Jakarta Bound is a travelogue about life in one of the largest and most densely populated cities in South East Asia.
Monday morning came around after what was becoming the usual restless night of broken sleep. I awoke, not so much bright, but early, so I decided to take advantage of the one luxury the Grand Prix Inn had to offer and went down to the pool for a swim; it felt like a Hollywood way to start the day. However, I hadn’t swum for a long time and my lungs wanted out pretty soon, so after a few lengths, I dried myself off and went back up to my room to get ready for school.
There’s nothing like an early morning swim to sharpen the senses, so after showering and dressing I was looking forward to my first classes and meeting my new students. The EF course material was already prepared in the form of Powerpoint lessons, so all I had to do was find out what my timetable of classes were and read through the teachers’ notes for each of the lessons. There were a few more short induction sessions to do on the Monday and Tuesday so I could ease into the teaching rota before my teaching timetable began in earnest on the Wednesday. After that, my new life as a full time teacher working for English First in Jakarta would be underway. However, Debbi had a little surprise waiting for me when I arrived at the school. She told me that she wanted me to prepare and deliver my own short lesson on business idioms. This I wasn’t prepared for and I only had an hour to put it together!

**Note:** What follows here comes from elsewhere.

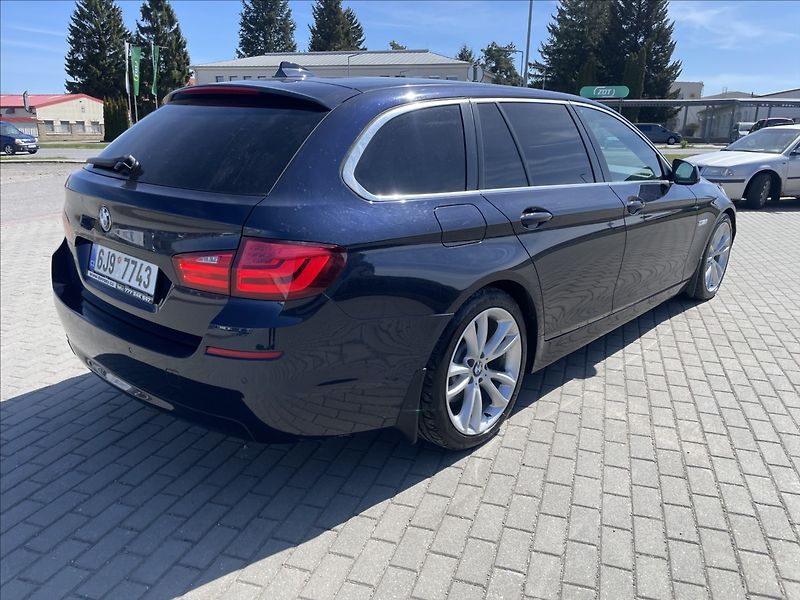 BMW Řada 5 3,0 d 180kw Manuál Luxury 2maj - fotka 4 z 31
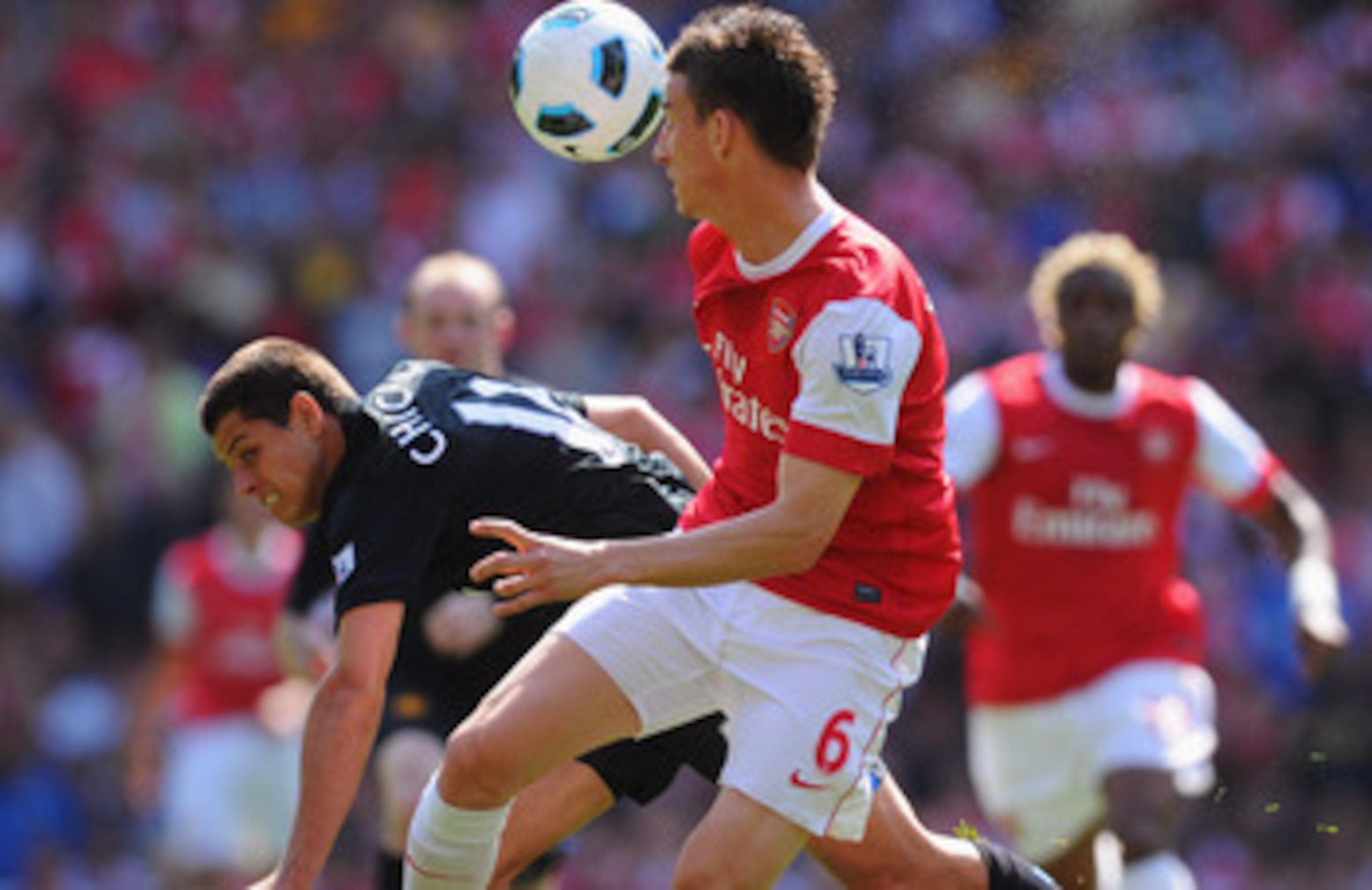 LONDON, ENGLAND - MAY 01:  Laurent Koscielny of Arsenal outjumps Javier Hernandez of Manchester United during the Barclays Premier League match between Arsenal and Manchester United at the Emirates Stadium on May 1, 2011 in London, England.  (Photo by Mik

Necessity is the mother of invention and I had needed a lot of invention during my many years working to deadlines as a freelancer. Despite being a little pissed off at Debbi’s surprise lesson plan request, Google came to the rescue. I whizzed through a few websites, copied and pasted some text and images, did some editing and rustled up a pretty decent Powerpoint presentation on the subject of business idioms. I scribbled a page of teaching notes and just about had time to load my Powerpoint presentation up onto the big screen in the workshop classroom before the students began eagerly arriving to the lesson.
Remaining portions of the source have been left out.